Data items
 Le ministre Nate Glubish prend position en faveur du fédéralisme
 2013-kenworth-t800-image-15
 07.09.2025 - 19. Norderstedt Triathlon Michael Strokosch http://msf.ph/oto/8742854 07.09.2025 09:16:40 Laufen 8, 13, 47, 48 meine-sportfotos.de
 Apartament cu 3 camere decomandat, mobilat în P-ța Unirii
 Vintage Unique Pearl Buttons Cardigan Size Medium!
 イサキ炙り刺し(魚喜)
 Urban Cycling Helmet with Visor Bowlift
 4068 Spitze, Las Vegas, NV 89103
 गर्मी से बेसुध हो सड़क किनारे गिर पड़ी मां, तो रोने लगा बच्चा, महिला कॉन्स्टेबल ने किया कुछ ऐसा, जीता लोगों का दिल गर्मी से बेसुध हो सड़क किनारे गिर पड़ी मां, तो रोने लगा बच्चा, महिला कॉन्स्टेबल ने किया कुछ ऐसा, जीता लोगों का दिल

## WHAT IS REQUIRED
Would you copy out each record precisely as it stands?

## RESULT
 Le ministre Nate Glubish prend position en faveur du fédéralisme
 2013-kenworth-t800-image-15
 07.09.2025 - 19. Norderstedt Triathlon Michael Strokosch http://msf.ph/oto/8742854 07.09.2025 09:16:40 Laufen 8, 13, 47, 48 meine-sportfotos.de
 Apartament cu 3 camere decomandat, mobilat în P-ța Unirii
 Vintage Unique Pearl Buttons Cardigan Size Medium!
 イサキ炙り刺し(魚喜)
 Urban Cycling Helmet with Visor Bowlift
 4068 Spitze, Las Vegas, NV 89103
 गर्मी से बेसुध हो सड़क किनारे गिर पड़ी मां, तो रोने लगा बच्चा, महिला कॉन्स्टेबल ने किया कुछ ऐसा, जीता लोगों का दिल गर्मी से बेसुध हो सड़क किनारे गिर पड़ी मां, तो रोने लगा बच्चा, महिला कॉन्स्टेबल ने किया कुछ ऐसा, जीता लोगों का दिल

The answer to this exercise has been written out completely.